The main problem for vfork in application code is that you need to *all* disable signals, even signals used by the implementation. If a signal handler runs by accident while the vfork is active, memory corruption is practically guaranteed. The only way to disable the signals is with a direct system call; sigprocmask/pthread_sigmask do not work.
Does your implementation do this?
I understand. No, admittedly not. But we squeeze the vulnerable time window to the minimal possible: if (vfork() == 0) exec(..); which was a large step forward from the stock Ojdk solution. While not completely bullet proof, I saw not a single instance of an error in all these years (I understand those errors would be very intermittent and difficult to attribute to vfork+signalling, so we may have missed some).
The current posix_spawn() implementation was added to glibc with glibc 2.24. So, what was the state of posix_spawn() before that version? Is it safe to use, does it do the right thing, or will we encounter regressions?
It uses fork by default. It can be told to use vfork, via POSIX_SPAWN_USEVFORK, but then it is buggy.

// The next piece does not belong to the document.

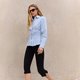 Light Blue Striped Shirt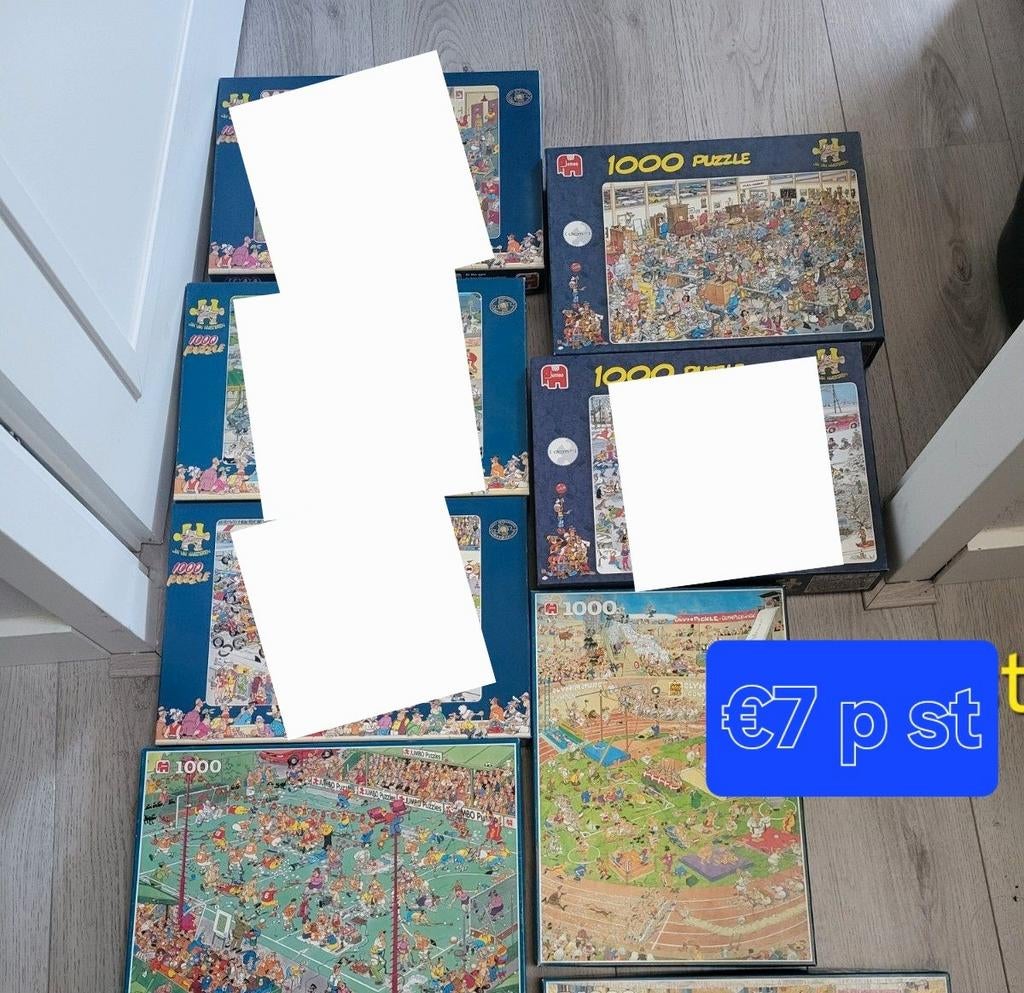 Haasteren Hockey, Op zoek naar de schat en Olympics 1000 st, Ophalen of Verzenden, 500 t/m 1500 stukjes, Gebruikt, Legpuzzel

For generic JDK code, this seems hardly appropriate.
Are you sure about this? The coding I saw in glibc < 2.24 was that it would use vfork if both attributes and file actions were NULL, which should be the case with the OpenJDK and jspawnhelper. fork() would be bad and a reason not to use posix_spawn().

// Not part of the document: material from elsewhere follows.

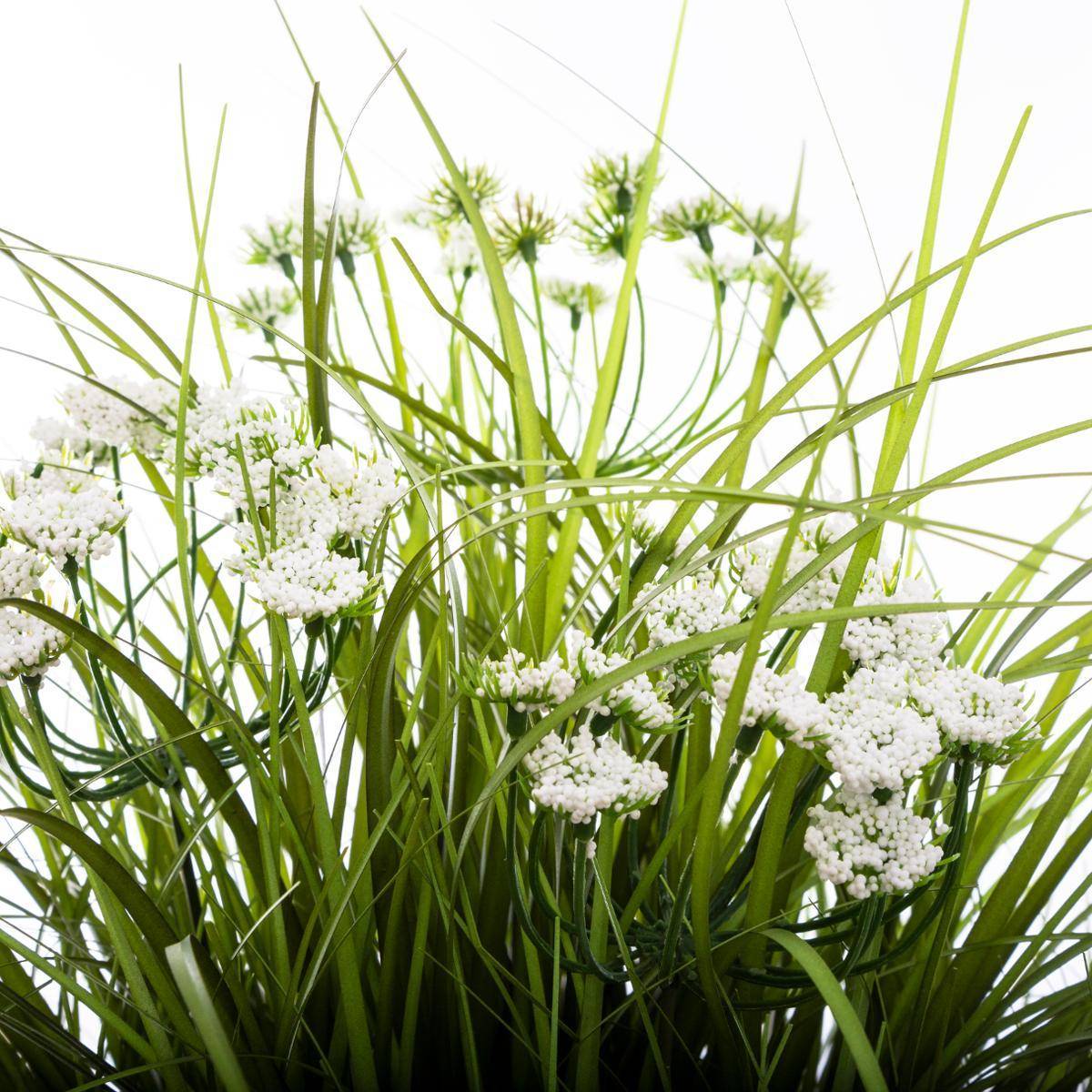 Atmosphera - Herbes folles artificielles pot ciment H40cm - Atmosphera Créateur d'intérieur - Imagen 3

My Ubuntu 16.04 box runs glibc 2.23. Arguably, Ubuntu 16.04 is quite a common distro. I have to check our machines at work, but I am very sure that our zoo of SLES and RHEL servers do not all run glibc>=2.24, especially on the more exotic architectures.
In glibc, the vfork-based performance does not bring in any new ABIs, so it is in theory backportable. The main risk is that the vfork optimization landed in glibc 2.24, and the PID cache was removed in glibc 2.25. vfork with the PID cache was really iffy, but I would not recommend to backport the PID cache removal. But Debian 9/stretch uses glibc 2.24, and I think that shows that the vfork optimization with the PID cache should be safe enough. (Of course you need to remove the assert that fires if the vfork does not actually stop the parent process and is implemented as a fork; the glibc implementation still works, but with somewhat degraded error checking.)
How far back would you want to see this changed? Debian jessie and Red Hat Enterprise Linux 6 would be rather unlikely. If you want to target those, your only chance is to essentially duplicate the glibc implementation in OpenJDK.
As I wrote before, if I understand the coding in glibc between 2.4 and 2.24 correctly, I think it uses vfork() and that should be fine by me: posix_spawn() using vfork(), with no attributes/file actions and in conjunction with the jspawnhelper, is almost exactly the same as the proposed vfork() + exec*2 patch: posix_spawn() will exec() immediately after the vfork(), then, in jspwnhelper, we set up the new process and exec() again. So I am fine with that. Provided I have understood all that stuff correctly and not made a thinking error somewhere. Cheers, Thomas
Thanks, Florian